# Problem with Itunes



## thefightingfish (Feb 8, 2010)

I have a problem synching my iPod with Itunes. When I connect my iPod to my PC often it won't recognise the Ipod at all, but when it does, it says it is synching and the Ipod then appears as a device on the side bar. After a minute or so, a window pops up and says it can't detect a device in Drive E: None of the options on this window respond, and after closing this window it throws me out of iTunes altogether and then I can't log back in without rebooting.


----------



## Snoopdogie187 (Jun 27, 2002)

Hi, and welcome to the forum.
Im not sure if this is your issue, but it might be a bad connection. You might at times have the cable just right to work, and then it moves and losses that connection.
It would be easiest to test this if you have a second computer. Use the same cable on that computer and see if you get the same results. you can also use a different cable on your current computer and try that.

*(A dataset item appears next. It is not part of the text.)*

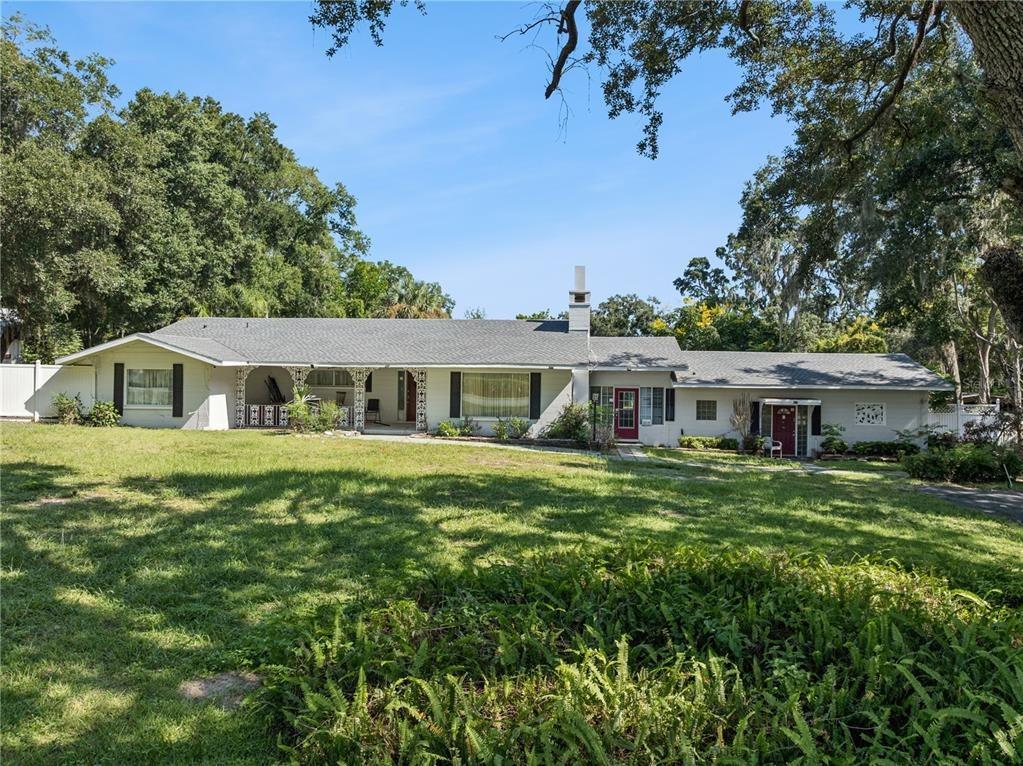 E Crooked Lake Dr, Eustis, FL 32726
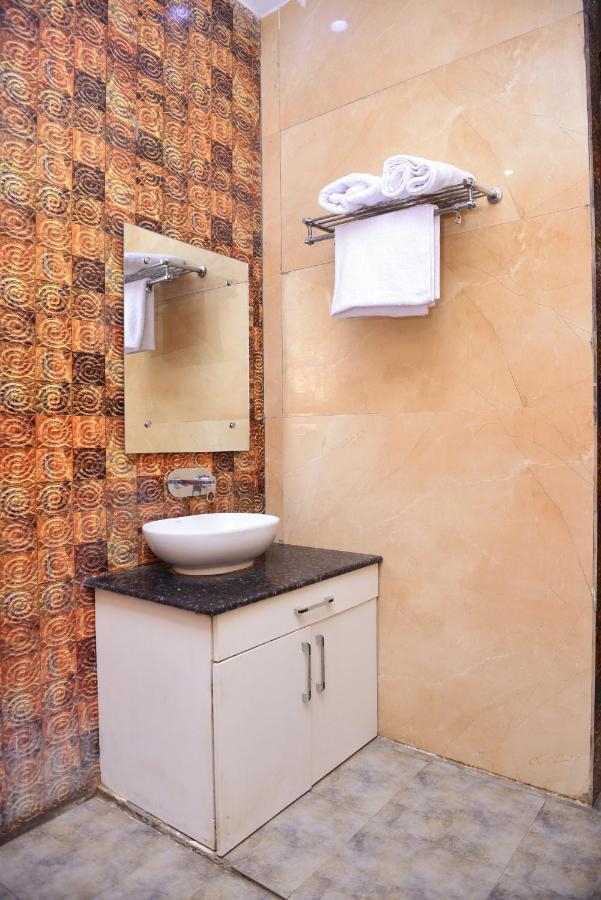Signature Villa Sonipat Ngoại thất bức ảnh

For iTunes, when it does that again, right click the bar on the bottom of your screen and select Task Manager. In there go to the Processes tab. In the list look for itunes and select it. Hit End Process and then try to open itunes again. (this is only a temp fix, not a permanent solution)

If that helps, then something happens with itunes and it got closed but never fully closed and since you can't run iTunes twice on the same computer it won't open.

I would also recommend you you uninstall iTunes and download a fresh copy and install that and try again.


----------